Проносясь мимо переездов, будок и регулировщиц с жезлами, Соловьев вспомнил этот взгляд в очередной раз. Он стоял у открытого окна, а справа от него подстреленной птицей трепетала занавеска. По руке его, ощущавшей металлическую прохладу рамы, бежали волны освещенных солнцем волосков. Ему казалось, что они грубели на знойном августовском ветру, что яркий их блеск был зна́ком постепенного превращения в медь. На минуту он прижался к волоскам губами, как бы оценивая их проволочные свойства, но они оказались на удивление мягкими.
Соловьев был самым настоящим пассажиром поезда дальнего следования. Не вынимая ложки, он пил чай из стакана в подстаканнике, ходил в туалет с полотенцем на плече и прогуливался на станциях в футболке Петербургского университета. Но главное – впервые в жизни он ехал в купейном вагоне. Закрывая на ночь двери купе, он мимоходом полюбовался своим отражением в зеркале. За его спиной отразились также лампочки нижнего света, бутылки с надетыми на них пластиковыми стаканчиками, молчаливый господин в спортивном костюме и две молоденькие студентки. Все те, кто, собственно, и создавал щемящий железнодорожный уют, краткое единение перед расставанием навсегда. Лежа на верхней полке, Соловьев с наслаждением слушал шепот студенток. Он сам не заметил, как заснул.

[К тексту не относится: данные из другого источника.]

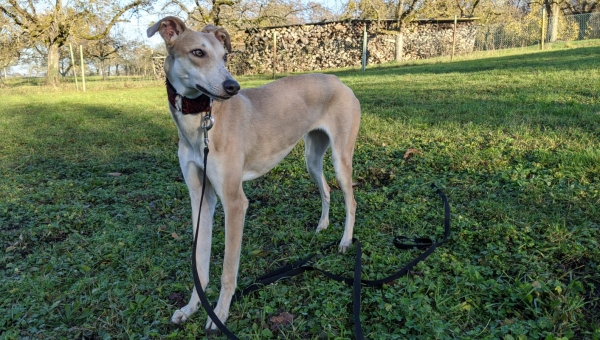 Das Warten hat ein Ende :) 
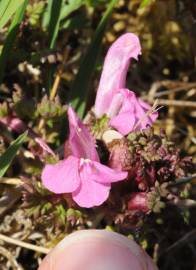 Fotografia da espécie Pedicularis palustris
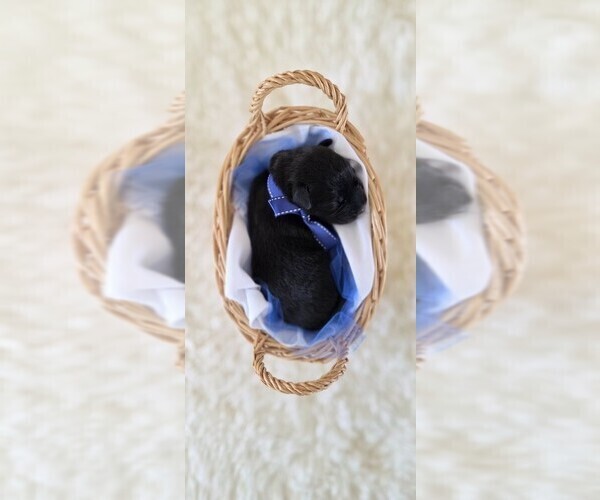 Medium Photo #3 Borador Puppy For Sale in FORTUNA, CA, USA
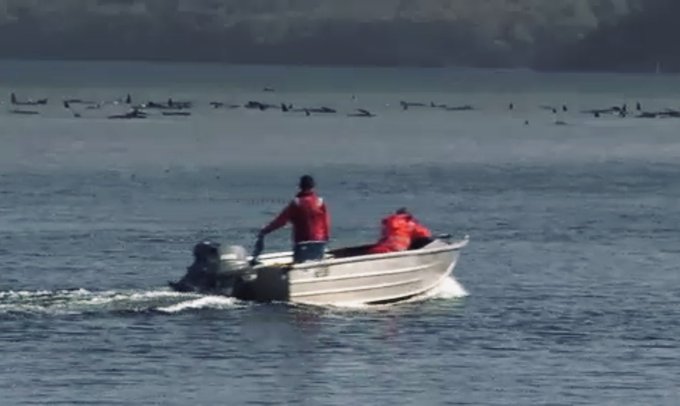 救援人員22日成功救出約25頭擱淺在澳洲地處偏遠塔斯馬尼亞港口沙洲的領航鯨，希望未來幾天能救出更多擱淺鯨魚。(圖取自推特)
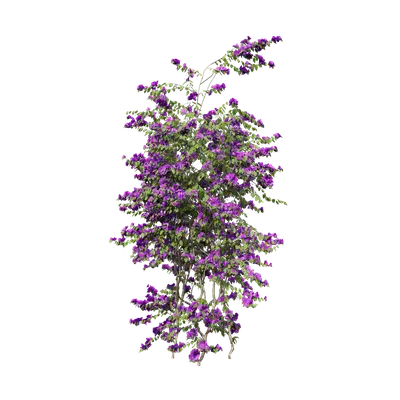 Bougainvillea glabra 08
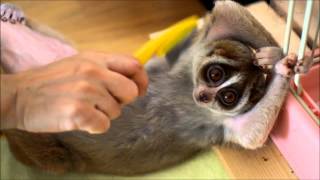 Brushing cute Slow Loris [upl. by Georgiana859]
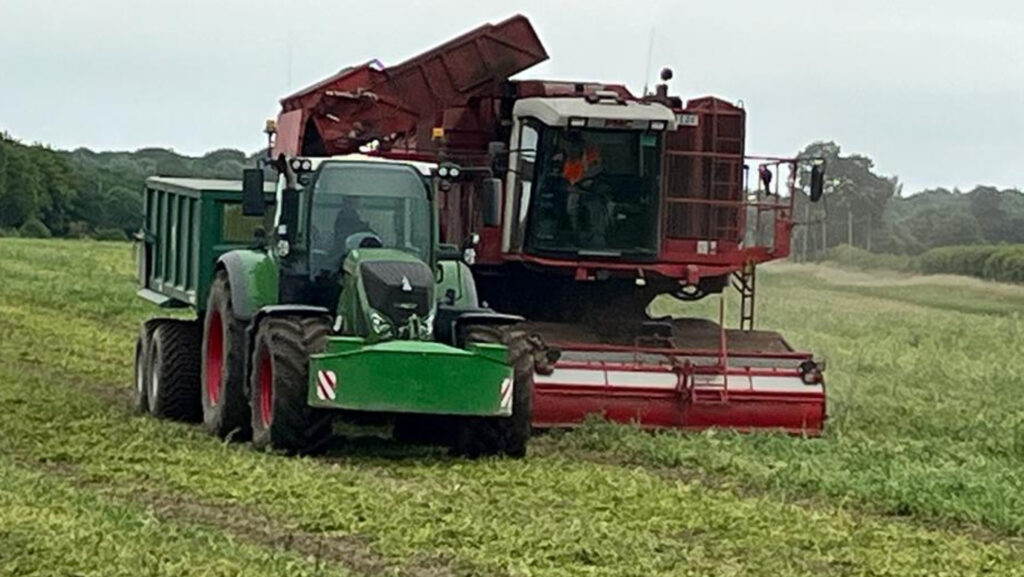 Harvesting peas © APEA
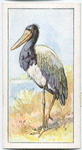 Jabiru or black-headed stork.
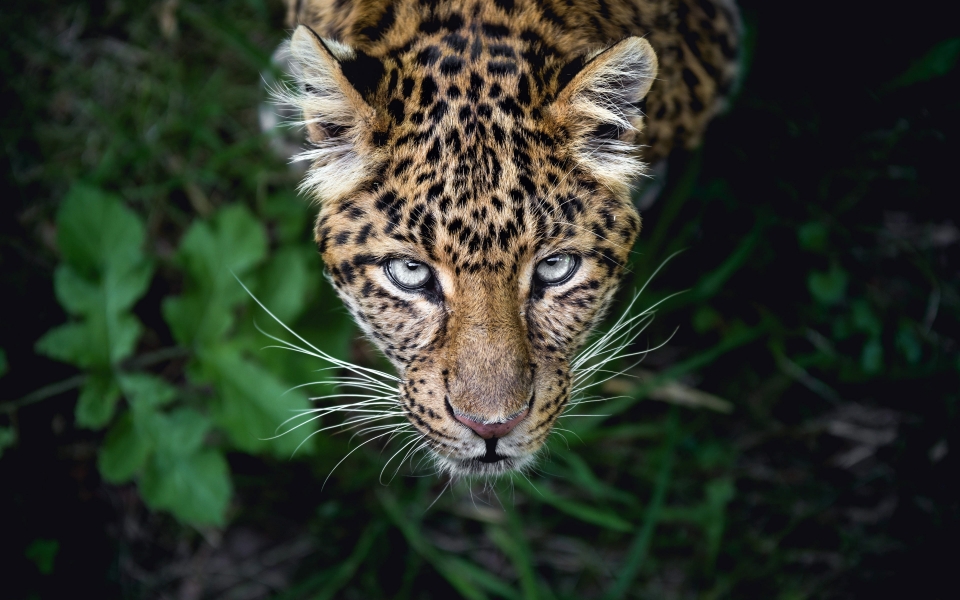 Download Leopard Hunting Stunning Animal HD 2024 Wallpaper wallpaper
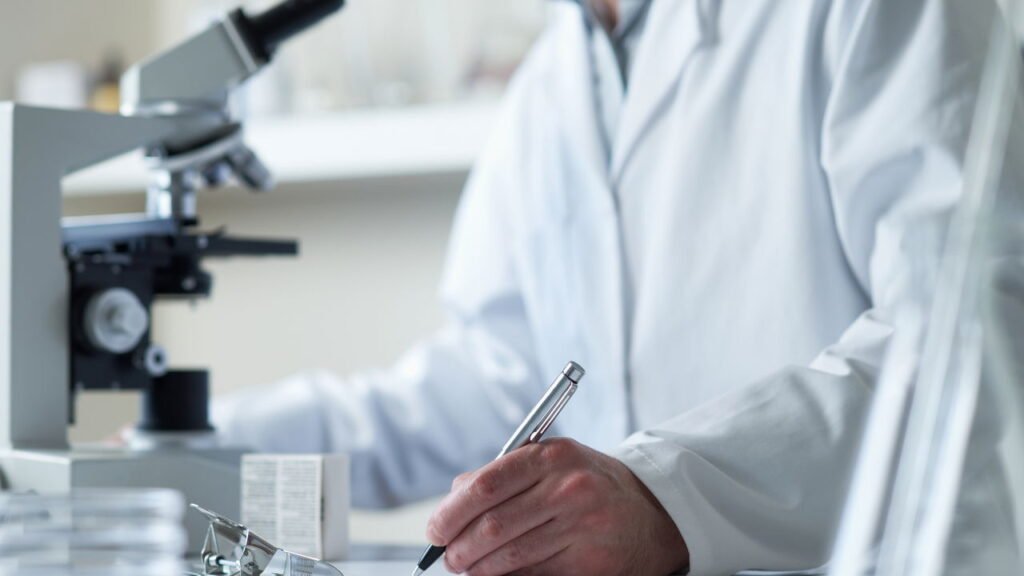 Cientistas descobrem proteína que pode reverter a perda de memória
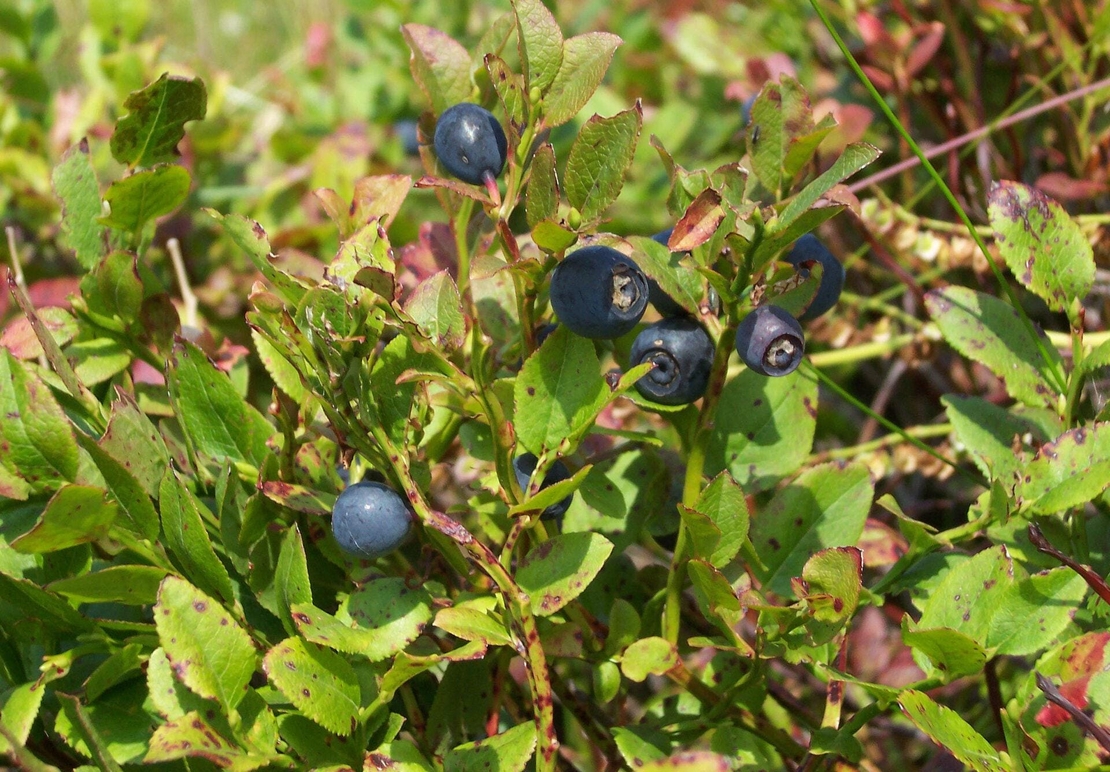 Organic Wild Blueberry (Vaccinium myrtillus)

Проснулся от света, падавшего ему на лицо. Поезд стоял. Окно Соловьева помещалось под станционным фонарем. Медленно, чтобы не разбудить спавших, он опустил тугую раму, и в купе повеяло теплым ночным ветром. Ветром Центральной России, абстрактно подумалось Соловьеву, не знавшему места остановки. Название пустынной станции скрывалось во мгле: фонарь, горевший у окна, был, похоже, единственным. Но безлюдность этого пространства была мнимой. В глубине станции, где на фоне темных контуров здания робко поблескивали оконные стекла, протекала негромкая беседа двух людей. Скользнув в теневую часть полки, Соловьев разглядел на лавке их неподвижные, обращенные друг к другу фигуры. В этой согбенности, в лежащих на ладонях подбородках ему виделось что-то чрезвычайно знакомое, чего он, однако, не мог вспомнить.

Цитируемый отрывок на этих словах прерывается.